I use both space and 0 quite often, space especially with aligned strings.

>
> >
> >> +                       i++;
> >> +               if (fmt[i] >= '1' && fmt[i] <= '9') {
> >> +                       i++;
> >> +                       while (fmt[i] >= '0' && fmt[i] <= '9')
> >> +                               i++;
> >> +               }
> >> +
> >> +               if (fmt[i] == 's') {
> >> +                       /* disallow any further format extensions */
> >> +                       if (fmt[i + 1] != 0 &&
> >> +                           !isspace(fmt[i + 1]) &&
> >> +                           !ispunct(fmt[i + 1]))
> >> +                               goto out;
> >
> > I'm not sure I follow this check either. printf("%sbla", "whatever")
> > is a perfectly fine format string.
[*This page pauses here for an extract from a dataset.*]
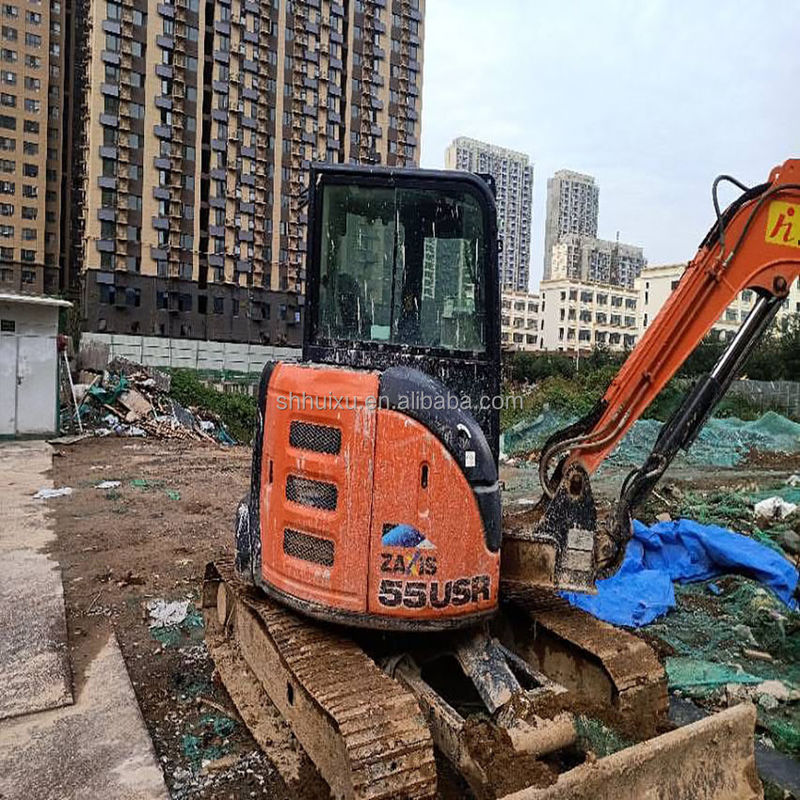 हिताची स्टॉक में इस्तेमाल किया हुआ हिताची EX55 मिनी खुदाई मशीन बिक्री के लिए दूसरा हाथ हिताची मिनी खुदाई EX55 अच्छी स्थिति में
Unless seq_printf has some
> > additional restrictions?
>
> Yes, just some restriction inherited from bpf_trace_printk().
> Will remove.

see comment above, if we allow it here, but seq_printf() will reject
it, then there is no point

>
> >
> >> +
> >> +                       /* try our best to copy */
> >> +                       if (memcpy_cnt >= MAX_SEQ_PRINTF_MAX_MEMCPY) {
> >> +                               err = -E2BIG;
> >> +                               goto out;
> >> +                       }
> >> +
> >
> > [...]
> >
> >> +
> >> +static int bpf_seq_printf_btf_ids[5];
> >> +static const struct bpf_func_proto bpf_seq_printf_proto = {
> >> +       .func           = bpf_seq_printf,
> >> +       .gpl_only       = true,
> >> +       .ret_type       = RET_INTEGER,
> >> +       .arg1_type      = ARG_PTR_TO_BTF_ID,
> >> +       .arg2_type      = ARG_PTR_TO_MEM,
> >> +       .arg3_type      = ARG_CONST_SIZE,
> >
> > It feels like allowing zero shouldn't hurt too much?
>
> This is the format string, I would prefer to keep it non-zero.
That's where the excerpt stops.